Mas eu estava errado.

Donald percebeu que recebe muito aplauso quando promete o retorno das fábricas que a globalização (e a política liberal republicana) enviaram ao terceiro mundo. Fábricas que jamais retornarão por inúmeros motivos. E Donald não vive sem adulação. E o americano médio – e por que não dizer, o ser humano médio – adora uma mentira conveniente. Não que a "América profunda", não precise de um milagre. Precisa e muito. É um amontoado de micro cidades vivendo de hambúrguer por um dólar e opióides. Criados por um sistema educacional não tão dilapidado quanto o brasileiro, mas muito mais sórdido, mercantilista. Se você mora em um vilarejo no meio da Dakota do Sul, seu desespero é compreensível. Justifica votar num impostor fanfarrão que diz o que você quer ouvir? Claro que não.

Trump está cumprindo as promessas feitas ao americano evangélico rural. Os EUA estão abandonando tratados internacionais e erguendo muros. Taxando produtos de aliados e fechando fronteiras. Contrariando o discurso de fachada da direita americana (que é a favor do livre comércio somente para os produtos que não fabrica), Donald foi ao encontro da cúpula do G7 só pra arranjar briga com o Canadá e pedir a reintegração da Rússia, um pedido do seu chefe direto, Vladimir Putin.

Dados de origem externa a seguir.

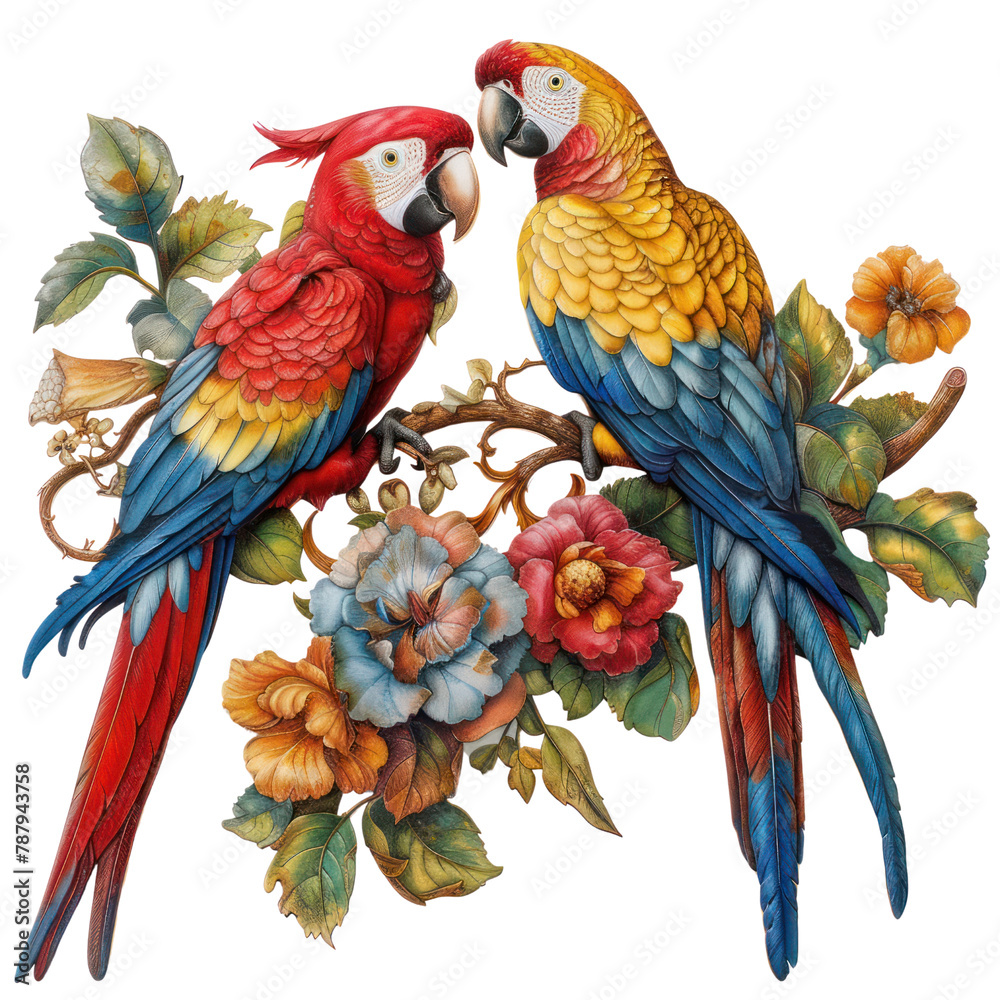 Obraz premium Parrots of Rococo Art isolated on transparent png.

Para os demais líderes do grupo, ficou a impressão de que os EUA estão voltando no tempo, para uma era pré-guerra mundial, quando a regra era "cada macaco no seu galho". Essa política isolacionista levou ao conflito armado e devastou países. E foi vendendo pólvora e cimento para a reconstrução das nações devastadas que o Império Americano se fez e conquistou uma posição de liderança geopolítica, além de aquecimento econômico interno. Competindo com países destroçados, ninguém ameaçava a General Motors ou a IBM. Mas bastou a Toyota colocar o primeiro carro na rua para que os EUA adotassem tarifas alfandegárias. Parece história antiga, mas isso foi no final dos anos 70. Em outras palavras, amigo leitor: para o Tio Sam, livre mercado só funciona enquanto os países competidores estiverem sob os escombros de um ataque nuclear.

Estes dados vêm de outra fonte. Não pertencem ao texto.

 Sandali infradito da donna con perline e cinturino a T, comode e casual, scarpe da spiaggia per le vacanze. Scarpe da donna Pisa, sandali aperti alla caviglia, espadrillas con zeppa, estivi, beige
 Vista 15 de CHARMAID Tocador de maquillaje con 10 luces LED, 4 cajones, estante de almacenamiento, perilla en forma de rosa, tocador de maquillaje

Mas Donald foi eleito sob o slogan "Fazer a América Grande Novamente". O que nos leva a pergunta: Quando foi isso? Resposta: anos 50. Quando não havia competição externa, negro não votava e mulher cozinhava o jantar em casa, esperando o marido voltar da fábrica de carro rabo-de-peixe. E o resto do mundo que se dane. Essa é a plataforma do governo Trump. E eu, ledo engano, achei que era só conversa fiada. Não é.

Isso muda o jogo. Mas não do jeito que Trump pensa. Ele acha que é possível voltar no tempo falando grosso e promovendo guerra fiscal com países aliados. Não é. Sua grosseria geopolítica vai prejudicar muitas economias, inclusive a dos EUA. Mas sabe o que é legal? Quando Trump recolher a bola e ir para casa, o resto do mundo vai precisar repensar suas relações comerciais. Criar novas parcerias, novos acordos, sem EUA e Rússia. Isso pode ser promissor.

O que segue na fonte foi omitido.